The Mandalorian Recap: S03E01, “Somehow, Grogu Returned”

Mando’s back, baby! And so is Baby Yoda. Yeah, the lil’ gremlin went off with Luke Skywalker at the end of The Mandalorian’s last season, but he came back in The Book of Boba Fett. It’s all very convoluted, but ultimately we’re just back to Mando tending his cutesy charge, so it’s fine. Don’t watch The Book of Boba Fett if you haven’t already, because it doesn’t matter. No one needed to write a book about Boba Fett. He needed, at best, a pamphlet.

Anyway, on to the episode!

As it opens, the Armorer is making a child-sized helmet. Is Baby Yoda going full Mandalorian? Nah, it’s for this other kid. And it seems like maybe he’s an OKC Thunder fan, because it’s blue and a fun, summery aqua.

This is the way—to the NBA finals!

This kid is getting his Mandalorian equivalent of his bar mitzvah, where he’ll put his helmet on and never again take it off in front of anyone. Remember how that’s a mechanic? They certainly won’t let us forget!
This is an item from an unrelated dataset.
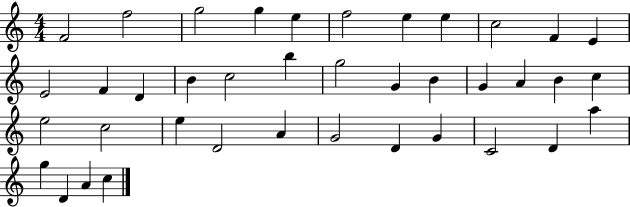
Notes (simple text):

F4/h F5/h G5/h G5/q E5/q F5/h E5/q E5/q C5/h F4/q E4/q E4/h F4/q D4/q B4/q C5/h B5/q G5/h G4/q B4/q G4/q A4/q B4/q C5/q E5/h C5/h E5/q D4/h A4/q G4/h D4/q G4/q C4/h D4/q A5/q G5/q D4/q A4/q C5/q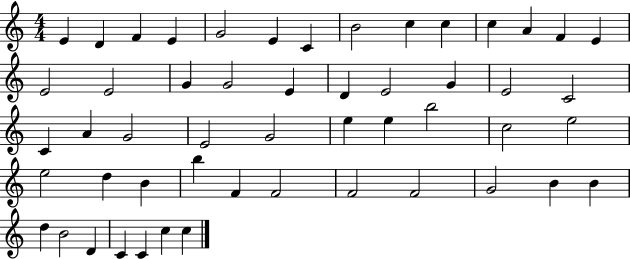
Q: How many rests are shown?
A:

Actually, maybe it’s more of a Mandalorian baptism, because they do it in some water—and that ends up being a big mistake. Turns out, the body of water they chose is from MegaGator or some other straight-to-video Asylum production, as evidenced when a massive lizard erupts from the lake.

The surrounding Mandalorians try to take it out but—as usual—it takes Mando swooping in to finish it off. Because what’s a Mandalorian season without a big monster to kill every few episodes?

Mando then has a private convo with Armorer, where he’s like, “Hey, I just remembered this other mechanic where I could take a bath in the mines of Mandalore, then it would be fine how I took my helmet off in last season’s finale.”

She reminds Mando that the mines of Mandalore are now toxic, but he has evidence otherwise: this cool chunk of a Mandalorian Heinekin bottle he found! Perhaps he can redeem himself there…

So off he goes: to Mandalore!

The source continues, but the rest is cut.